General Motors has issued a recall of its Chevy Bolt electric vehicle that expands on an earlier recall. The notice applies to all Chevy Bolt models from 2020 to 2022 and all remaining 2019 models. The recall follows numerous reports of fires linked to the vehicle’s LG-made battery pack.
GM has stated that it will replace faulty battery packs in affected Chevy Bolt vehicles. All costs, which could total $1 billion, will be borne by the automotive major.
The recall affects 52,403 Chevy Bolts in the United States and 9,019 in Canada from the model years 2020 to 2022. It also includes 6,989 Chevrolet Bolts in the United States and 1,212 in Canada from the 2019 model year that was not included in the previous recall. According to GM, the batteries that come with the new modules will have an 8-year/100,000-mile limited warranty.
Although GM claims that the fires have only occurred in “rare circumstances,” the company considers the problem serious enough that it is advising Chevy Bolt owners to park their vehicle outside immediately after charging it and not to charge it indoors overnight.
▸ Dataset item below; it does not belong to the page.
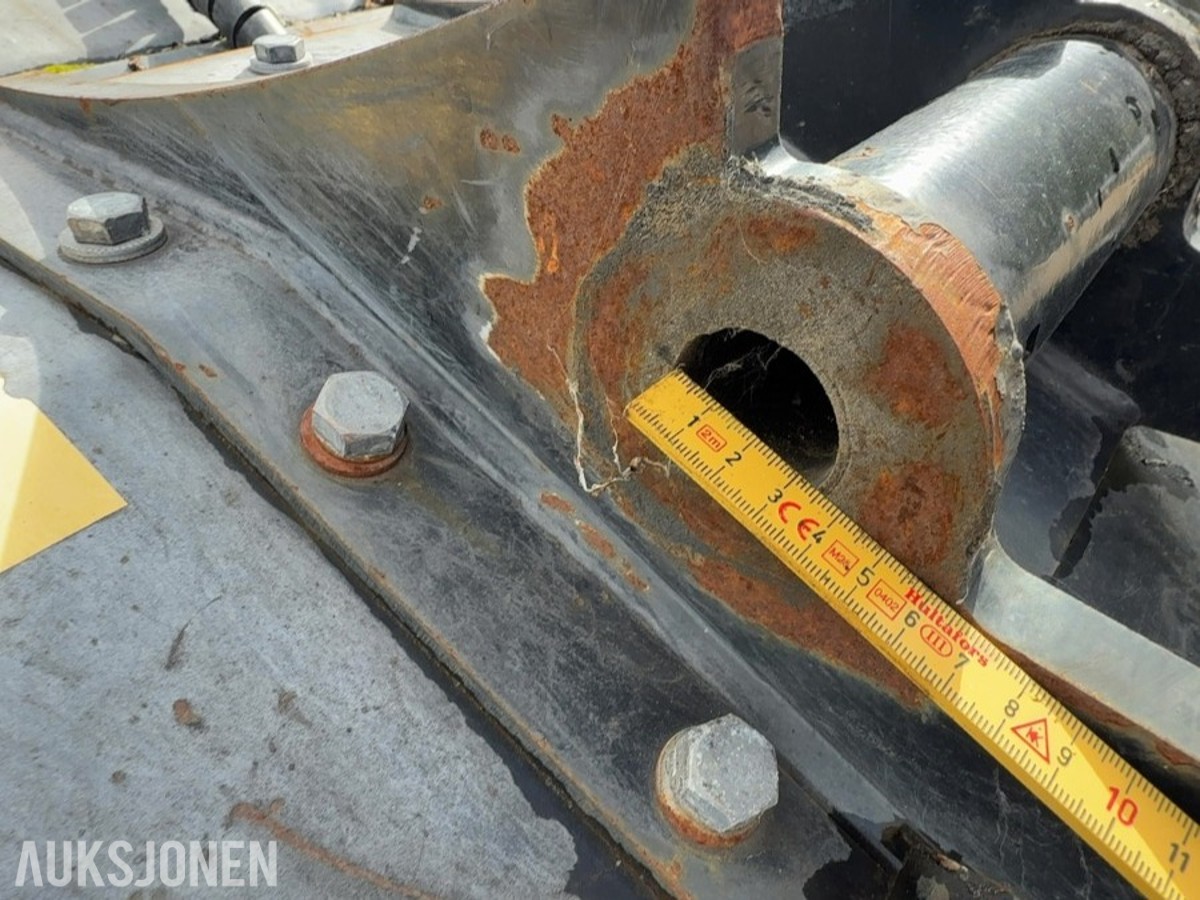 Slagkraft V160 klipperpanne / ryddeaggregat – hydraulisk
Furthermore, owners should set their Chevy Bolt to a 90 percent state of charge limitation using Target Charge Level mode until the vehicle has been repaired. Owners should also make an effort to charge their Chevy Bolt more frequently to avoid depleting the battery below 70 miles (113 km) of the remaining range.
“Our focus on safety and doing the right thing for our customers guides every decision we make at GM,” General Motors executive Doug Parks said in a press release. “As leaders in the transition to an all-electric future, we know that building and maintaining trust is critical. GM customers can be confident in our commitment to taking steps to ensure the safety of these vehicles.”
GM’s first Chevy Bolt recall for a battery issue occurred in November 2020, affecting 51,000 vehicles in the United States from the 2017 to 2019 model years. However, several subsequent battery-related fires prompted GM to issue a second recall for the same model years in July 2021, blaming the problem on discovering other manufacturing jobs.
The latest recall, which covers more recent models, will come as a blow to GM as the automaker works toward its goal of offering an EV-only lineup starting in 2035.